At the same time I was going through all this emotion, I was blessed to be able to have my mom come visit me. I only get to see my mom once a year as my parents live in another country. I love it when my mom comes to visit. She helps me with the girls, cooks and cleans for me. She was also able to celebrate Baby's birthday with us. Since my mom was here, I decided to have a birthday party at McDonald's with some of our closest friends. Baby wanted a Minnie Mouse themed birthday as that's what she got.
After my mom left I faced the daunting realization that I will be homeschooling Boo this year. When my husband and I discussed what we would do with our children's education, we always wanted them to have a Christian education. We did not want to subject our daughters to the public school systems. However, I never wanted to homeschool. I knew that I did not have the patience to teach my only children. But I should never have said never because here I was at the end of August searching online for the best Christian homeschool curriculum there was. I finally settled on 3 different curriculums one for Boo, one for Baby and the third was a supplement that focused on reading. At the front of September I started this new adventure. So far, the schooling is going well. I am not as consistent as I should be and because of the move have fallen behind a little. But Boo is continuing to learn to read and write this year which she is starting to really get a handle on.
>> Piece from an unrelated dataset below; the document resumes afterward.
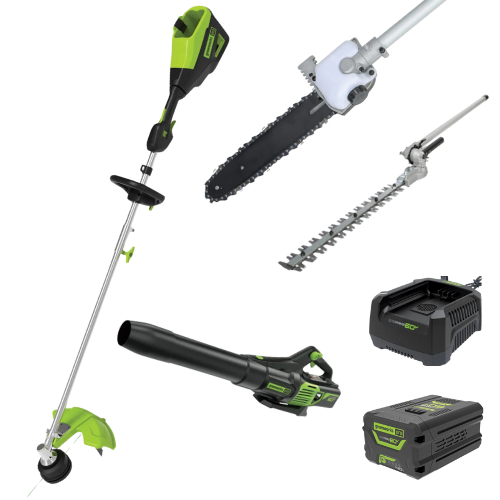 Greenworks-Greenworks 60V Multi Tool Value Kit - 60V Multi Tool + Blower +Hedge Trimmer/Pole Saw Attach 4.0AH Kit-Multi Tool Kit-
Also Baby is learning her numbers and letters. (She's not getting a handle on it as much as I thought she would.) Its a challenge juggling a 5 year old and a 3 year old. They are on completely different levels and I may have been more ambitious when I selected the curriculum. I am just praying that Boo will be able to read and write and Baby will know all her numbers and letters by the end of the school year.
| The girls standing next to their desks |
But the Lord has been good to us. We are now leaving in a week and have been able to get almost everything in order. Not only that but we have been financially blessed throughout this whole adventure. We have put very little on the credit cards. Also we are looking at making the move all in cash. Every obstacle that we thought would slow us down turned out to not be an obstacle at all. I have to give God the glory for everything that he has provided for us during this time. I didn't know how we were going to make it when we had no job, I didn't know how we were going to make it when hubby got the new job that paid 1/3 of what were what we were making, and I didn't know how we were going to make it when the Lord told us we had to move in 6 weeks. I don't know why I ever doubted the Lord. My pastor's daughter wrote something in her blog that really made a lot of sense, "At the end of a trial we never tell ourselves "Wow, I'm sure glad I stressed my way through that one. It might have had a different outcome if I hadn't!" So true. So true. I actually elaborate more on this in my other post, so I won't go too much into detail here.
So we have only 8 more days here in Las Vegas. I have enjoyed the adventure that we have had here. At the beginning of September, I was itching to escape from here. But as my time in Las Vegas ends, I find myself realizing all the things that I am going to miss and all the things that I loved about living here. I know that the Lord has something bigger and better for us in Texas but leaving a place that you have called home for 4 years is always bittersweet. I look forward to the new adventures that I will be venturing on in Texas but my heart will long for the family that I am leaving behind.